[SUPPLIED MATERIAL — start]
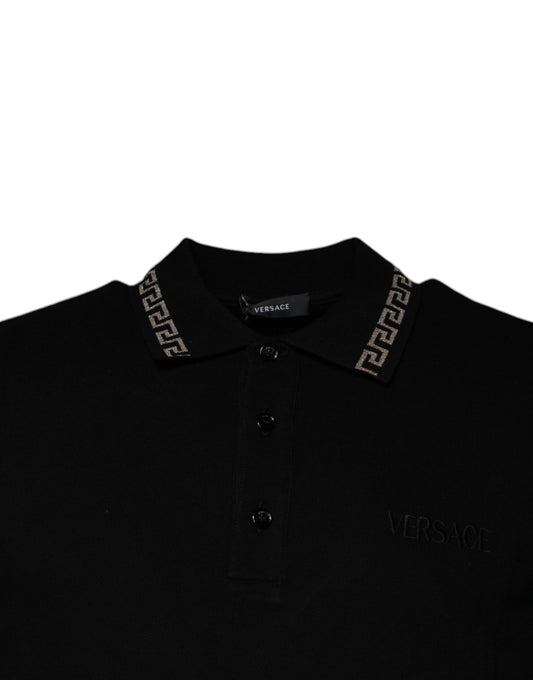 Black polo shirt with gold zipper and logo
[SUPPLIED MATERIAL — finish]
[SUPPLIED MATERIAL — start]
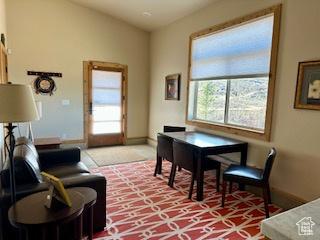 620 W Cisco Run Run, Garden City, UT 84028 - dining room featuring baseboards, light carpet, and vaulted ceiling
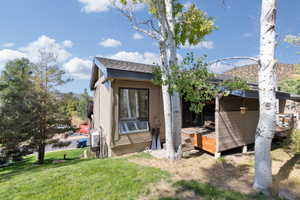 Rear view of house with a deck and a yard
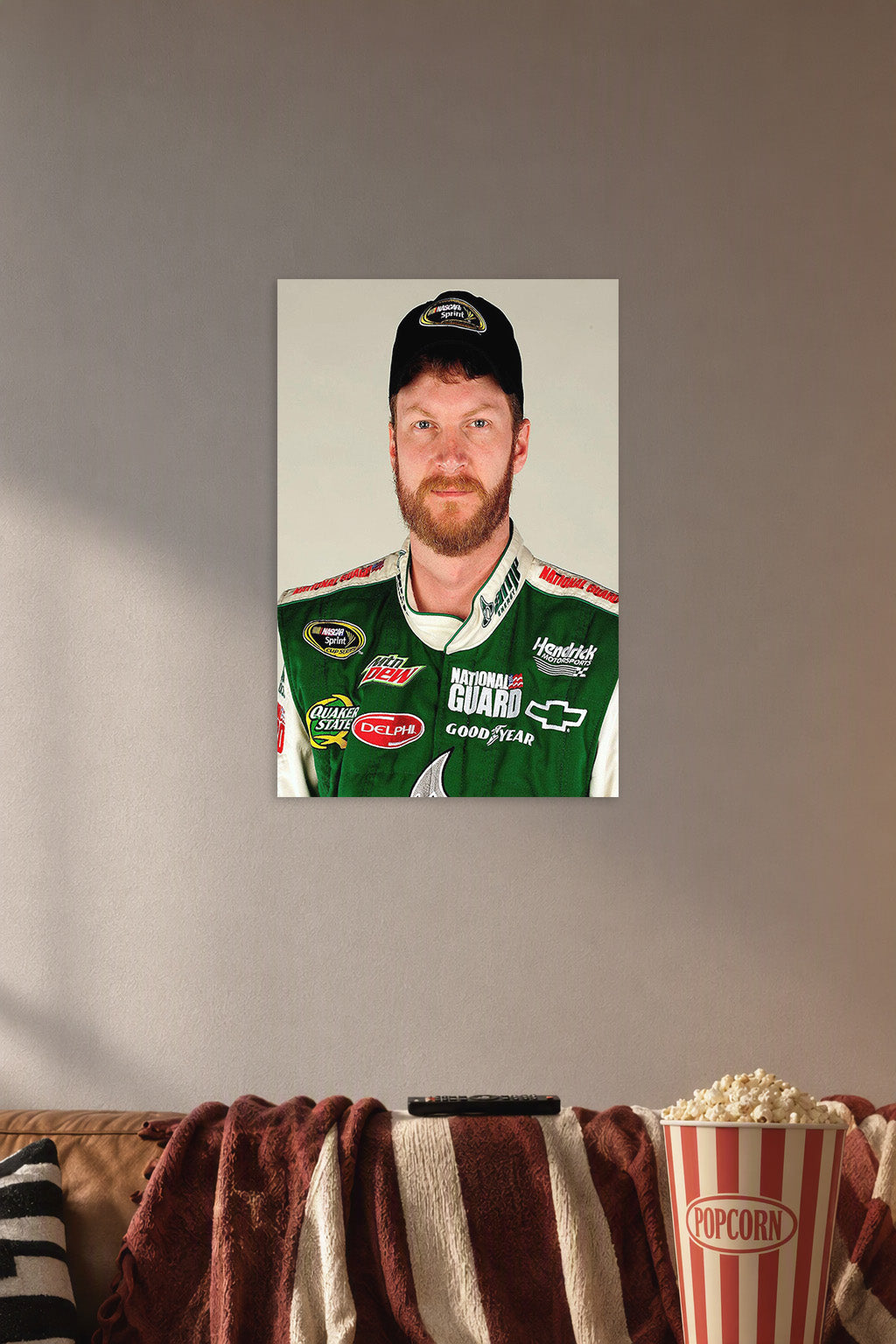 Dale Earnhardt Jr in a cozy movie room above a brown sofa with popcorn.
[SUPPLIED MATERIAL — finish]
Leaving out each picture, repeat exactly the lines above from the one that contains "Rear view of house with a deck and a yard" through the one that contains "Dale Earnhardt Jr".

→ **OUTPUT FOR THIS EXERCISE**
 Rear view of house with a deck and a yard
 Dale Earnhardt Jr in a cozy movie room above a brown sofa with popcorn.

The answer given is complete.